Work to be completed:
Take the lines below from the one with "Регулирующие клапаны трехходовые TRV-3" through the one with "國內外農用拖拉機先進技術研究及對比分析" and print only them, exactly. Don't print the pictures.

Start of Available data

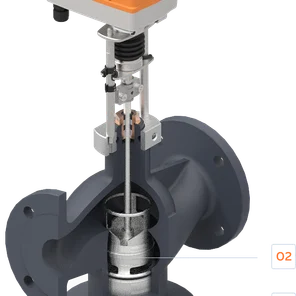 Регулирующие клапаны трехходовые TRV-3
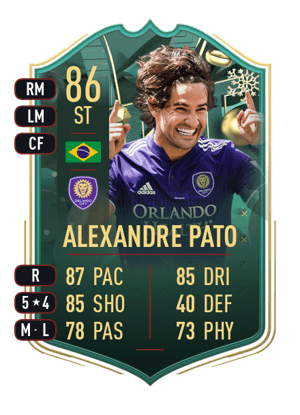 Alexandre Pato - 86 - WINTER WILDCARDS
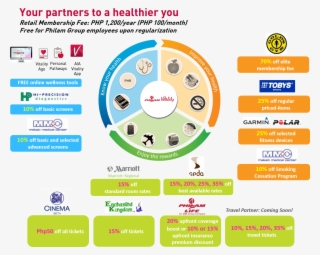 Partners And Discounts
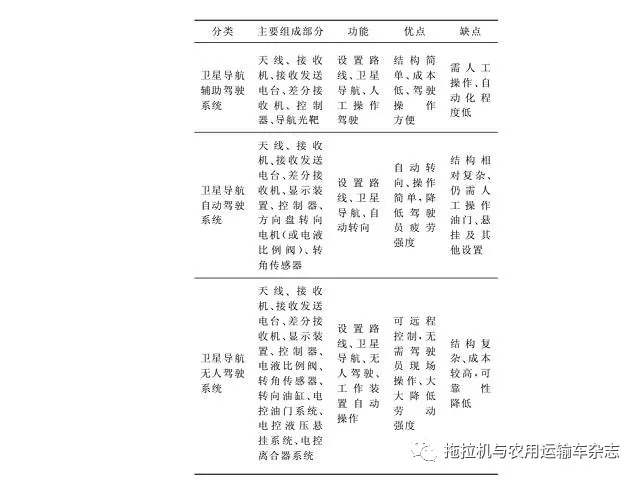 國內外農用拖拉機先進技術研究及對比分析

End of Available data
Start of Available data

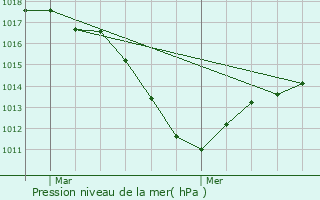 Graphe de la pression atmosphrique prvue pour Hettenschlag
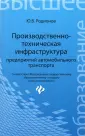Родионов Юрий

End of Available data

Exercise result:
 Регулирующие клапаны трехходовые TRV-3
 Alexandre Pato - 86 - WINTER WILDCARDS
 Partners And Discounts
 國內外農用拖拉機先進技術研究及對比分析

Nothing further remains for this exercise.